Still, those of you looking for a review will be glad to know that I have an overall opinion: CoD4 is a very good game. Not incredible – in fact I was amazed to see it was winning Game of the Year awards in the same year that BioShock and the Orange Box games came out – but definitely very good. The setpieces in the singleplayer campaign are universally stunning and the gameplay is suitably fast, twitchy and violent. And it can do atmosphere: being part of a tiny, ruthless and efficient SAS squad is completely different to being in the midst of a colossal invasion, and both are meticulously crafted. In particular, the USMC sections do brilliantly at invoking the feeling that you’re part of something much wider, from the troops you see setting up blockades as you go about your business to the jet fighters flying overhead. The military chatter and the actions and animations of the troops are suitably authentic (or at least, they seem authentic to the likes of me), and – as I said earlier – it’s all incredibly, beautifully cinematic.

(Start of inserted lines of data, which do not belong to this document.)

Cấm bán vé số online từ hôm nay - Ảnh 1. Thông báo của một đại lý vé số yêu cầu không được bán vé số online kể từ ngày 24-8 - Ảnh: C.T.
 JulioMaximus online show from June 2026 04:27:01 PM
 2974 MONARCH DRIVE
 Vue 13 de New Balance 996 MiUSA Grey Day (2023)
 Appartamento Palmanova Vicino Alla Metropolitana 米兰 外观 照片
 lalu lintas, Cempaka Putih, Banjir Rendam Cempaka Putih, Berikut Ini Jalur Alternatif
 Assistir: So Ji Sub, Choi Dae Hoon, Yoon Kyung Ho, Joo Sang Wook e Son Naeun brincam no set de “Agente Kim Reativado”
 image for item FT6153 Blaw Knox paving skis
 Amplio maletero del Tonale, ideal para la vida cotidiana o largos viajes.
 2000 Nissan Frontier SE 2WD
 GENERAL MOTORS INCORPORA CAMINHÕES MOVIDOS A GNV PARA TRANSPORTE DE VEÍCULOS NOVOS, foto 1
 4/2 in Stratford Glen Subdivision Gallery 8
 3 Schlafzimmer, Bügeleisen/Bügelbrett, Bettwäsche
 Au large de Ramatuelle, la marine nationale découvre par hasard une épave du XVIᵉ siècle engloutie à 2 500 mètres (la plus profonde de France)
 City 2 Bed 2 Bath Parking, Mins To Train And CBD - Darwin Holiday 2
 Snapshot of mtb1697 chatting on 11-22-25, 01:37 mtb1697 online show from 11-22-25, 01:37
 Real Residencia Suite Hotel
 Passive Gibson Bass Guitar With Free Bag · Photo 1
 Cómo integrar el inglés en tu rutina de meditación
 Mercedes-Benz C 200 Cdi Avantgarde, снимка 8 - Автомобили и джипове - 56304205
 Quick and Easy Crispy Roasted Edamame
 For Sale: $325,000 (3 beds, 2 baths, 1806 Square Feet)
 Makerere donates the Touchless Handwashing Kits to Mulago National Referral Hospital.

I haven’t played it online, where presumably my complaint about the plot doesn’t matter even the slightest. Apparently it’s very good. I bloody hate online shooters with grenades in, but when I’ve given it a chance – and I will – I’ll maybe make a separate post for that. Until then, CoD4 is thrilling, incredibly well-made, and awesome fun. It’s fortunate that the campaign never gives you time to stop and think, because if you do, the whole thing reveals itself to be little more than polish. But when it’s this polished it’s still worth experiencing.